Sometimes even legends need a little validation. When Dan Henderson headed into his UFC Fight Night 68 bout earlier this month against Tim Boetsch, he did so as a loser of five of his previous six fights, including an ominous 70-second loss to Gegard Mousasi this past January which set a new mark as the shortest loss of Henderson's career.
At 44 years old, the calls for Henderson's retirement were growing louder and clearer going into the Boetsch fight. But it was nothing a little 28-second knockout couldn't fix. Henderson blasted Boetsch with his patented H-bomb in the opening stages of the fight, and just like that, ‘Hendo' found himself back in the proverbial mix of top UFC middleweights.
"It was very gratifying," Henderson said Monday on The MMA Hour. "(It was) kind of something to prove to myself as well as fans or anyone else who had doubt that I'm still able to compete with the top guys in the sport, you know? I know that Tim Boetsch wasn't ranked as high as some other guys that I've fought, but he's dangerous and I don't think he's been stopped like that before, so it's nice to finish him like that."
Boetsch had never before been stopped by strikes as a middleweight, but the dynamite in Henderson's right hand continues to defy Father Time.
With the win, Henderson's name has now propelled back into the top-15 of the UFC's media-generated middleweight rankings -- an impressive feat considering the American has been going strong in this game for nearly two decades and counting.

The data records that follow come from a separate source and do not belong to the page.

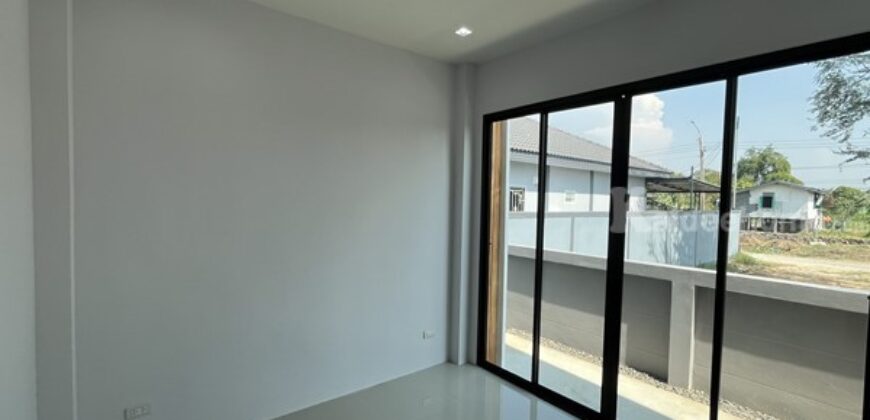 ขายบ้านเดี่ยว 1 ชั้น (อยู่ ซ.เชื่อมสัมพันธ์ 20 หนองจอก กทม.) 3นอน 2น้ำ 2จอดรถ เนื้อที่ 50 ตรว. เพียง 3.1 ล้าน โทร 081-684-0770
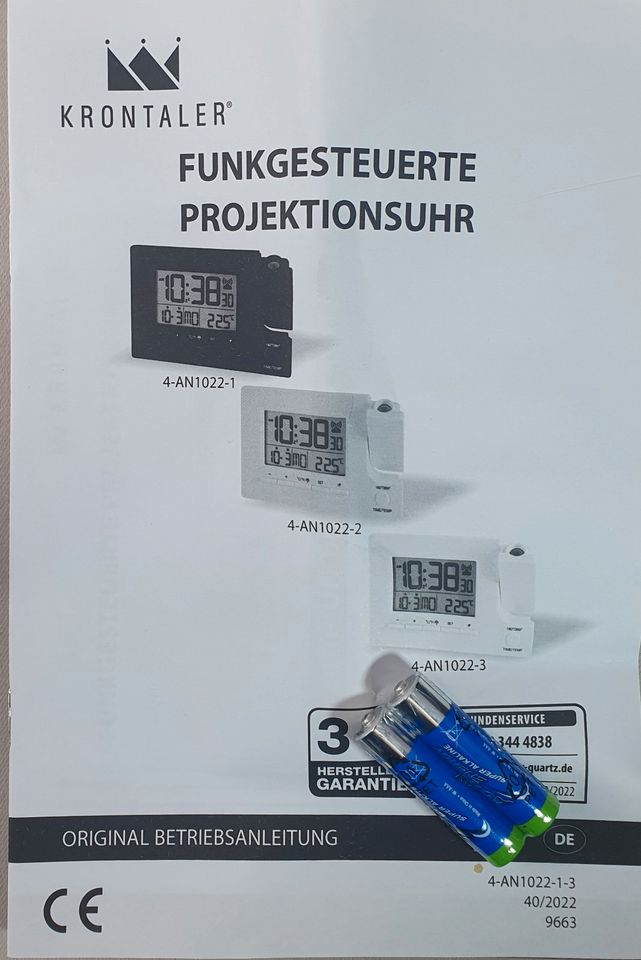 Projektionsuhr Projektionswecker Funkuhr mit USB-(Lade)Anschluss in Essen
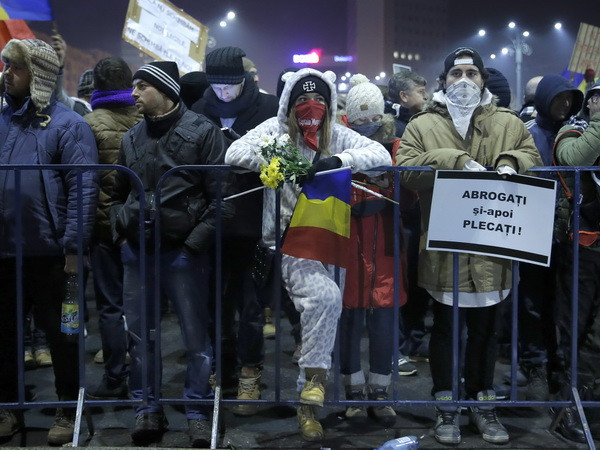 Romania từ chối thu hồi sắc lệnh miễn truy tố quan chức tham nhũng ảnh 1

"My age is getting up there, and I know that I've had to change certain things with training, just to make sure I'm still doing the right things with training, with learning," Henderson said.
"I've been in this sport a long time, and this sport is based on your last performance. It's what most people remember, and I haven't had the best of luck with fights and the best of outcomes the last couple years. So I understand where they're coming from (when people call for my retirement). It wasn't like I wasn't expecting that. At the same time, I know what I'm capable of doing and I believe in myself, so that's the biggest thing."
With a career that spans all the back to 1997, Henderson is one of the few remaining stalwarts from MMA's dark days. He's effectively done it all -- he won an early UFC tournament, then beat out a stacked field to take gold in Rings' 1999 King of Kings tourney. He captured two simultaneous titles in Pride FC, then stole away the Strikeforce light heavyweight title.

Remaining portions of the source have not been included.